◆ What this task involves:
Copy out the full data exactly as given; pictures should not be included.

◆ Collected data:
• • • • • • •
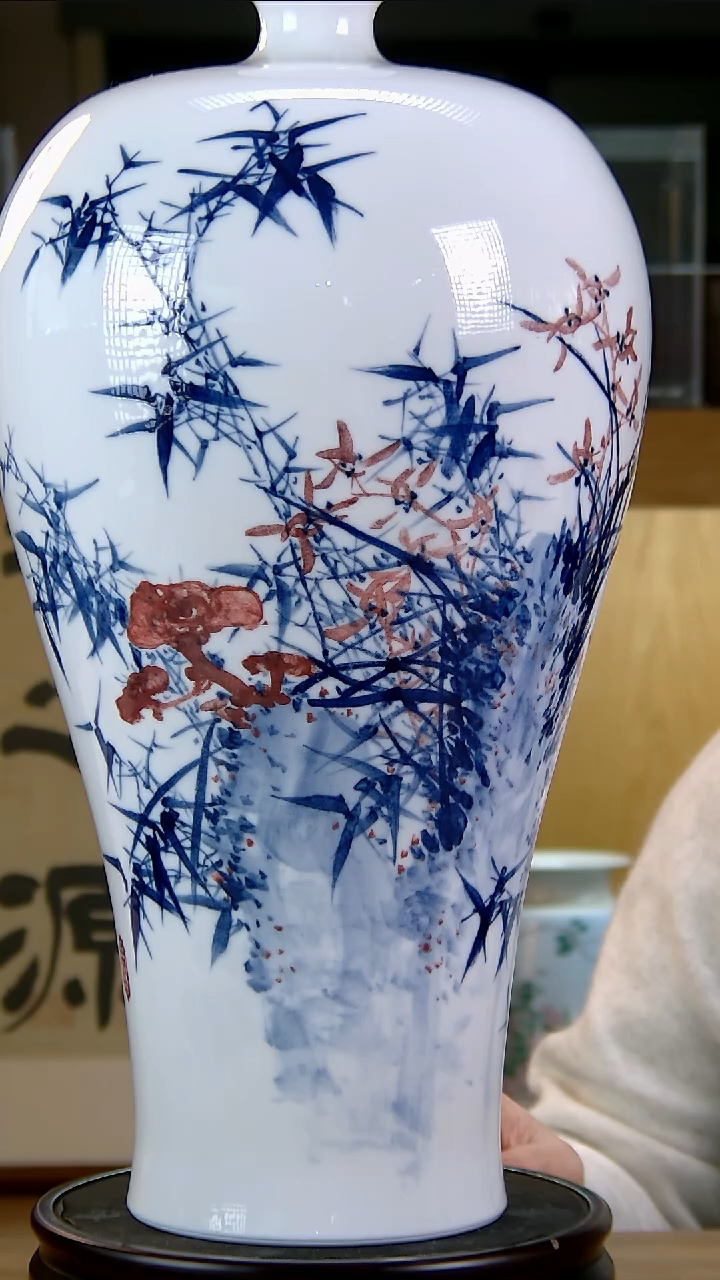 【闪购商品】瓷瓶陶瓷设计陶瓷创意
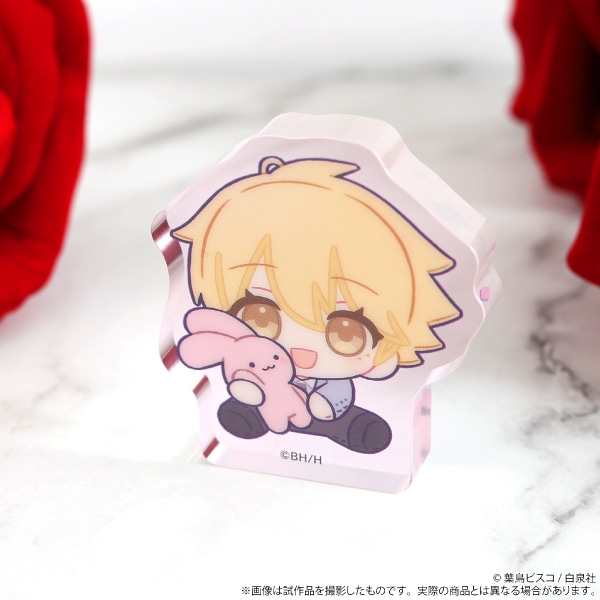 桜蘭高校ホスト部 ころっと アクリルフィギュア／埴之塚光邦 ぬいパル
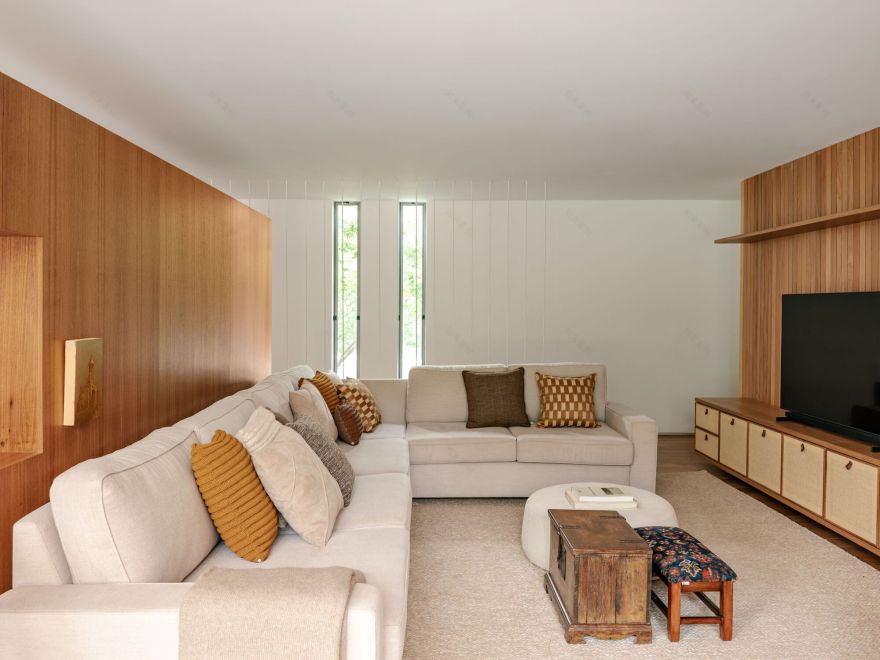 丨巴西圣保罗丨SAAG Arquitetura-37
• • • • • • •
◆ Problem solution:
 【闪购商品】瓷瓶陶瓷设计陶瓷创意
 桜蘭高校ホスト部 ころっと アクリルフィギュア／埴之塚光邦 ぬいパル
 丨巴西圣保罗丨SAAG Arquitetura-37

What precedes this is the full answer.